**YOUR GOAL**
Would you copy out, exactly as written, each line from the one containing "Fox Pantalon De Motocross 180 Lean Fille Junior 4" to the end of the records below?

──────── DATA SHOWN ────────

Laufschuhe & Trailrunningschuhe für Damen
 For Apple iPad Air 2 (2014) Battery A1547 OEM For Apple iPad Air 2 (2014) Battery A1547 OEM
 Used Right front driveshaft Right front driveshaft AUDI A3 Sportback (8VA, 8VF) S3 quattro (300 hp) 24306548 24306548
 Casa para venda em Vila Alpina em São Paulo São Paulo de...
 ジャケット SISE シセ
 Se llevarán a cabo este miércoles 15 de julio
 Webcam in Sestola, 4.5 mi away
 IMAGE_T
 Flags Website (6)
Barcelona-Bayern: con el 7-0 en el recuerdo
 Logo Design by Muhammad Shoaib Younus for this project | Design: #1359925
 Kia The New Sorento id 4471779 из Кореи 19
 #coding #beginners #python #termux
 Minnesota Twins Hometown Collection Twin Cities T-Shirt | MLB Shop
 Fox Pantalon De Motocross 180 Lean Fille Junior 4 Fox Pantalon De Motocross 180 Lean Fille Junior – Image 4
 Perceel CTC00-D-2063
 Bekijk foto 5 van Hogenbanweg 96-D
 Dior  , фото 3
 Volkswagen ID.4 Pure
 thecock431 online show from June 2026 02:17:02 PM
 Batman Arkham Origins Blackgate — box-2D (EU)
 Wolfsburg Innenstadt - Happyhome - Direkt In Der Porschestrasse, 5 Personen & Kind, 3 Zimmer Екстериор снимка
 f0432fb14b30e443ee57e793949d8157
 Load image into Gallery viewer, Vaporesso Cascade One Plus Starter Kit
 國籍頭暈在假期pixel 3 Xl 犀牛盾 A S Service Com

────────

**ANSWER AREA**
 Fox Pantalon De Motocross 180 Lean Fille Junior 4 Fox Pantalon De Motocross 180 Lean Fille Junior – Image 4
 Perceel CTC00-D-2063
 Bekijk foto 5 van Hogenbanweg 96-D
 Dior  , фото 3
 Volkswagen ID.4 Pure
 thecock431 online show from June 2026 02:17:02 PM
 Batman Arkham Origins Blackgate — box-2D (EU)
 Wolfsburg Innenstadt - Happyhome - Direkt In Der Porschestrasse, 5 Personen & Kind, 3 Zimmer Екстериор снимка
 f0432fb14b30e443ee57e793949d8157
 Load image into Gallery viewer, Vaporesso Cascade One Plus Starter Kit
 國籍頭暈在假期pixel 3 Xl 犀牛盾 A S Service Com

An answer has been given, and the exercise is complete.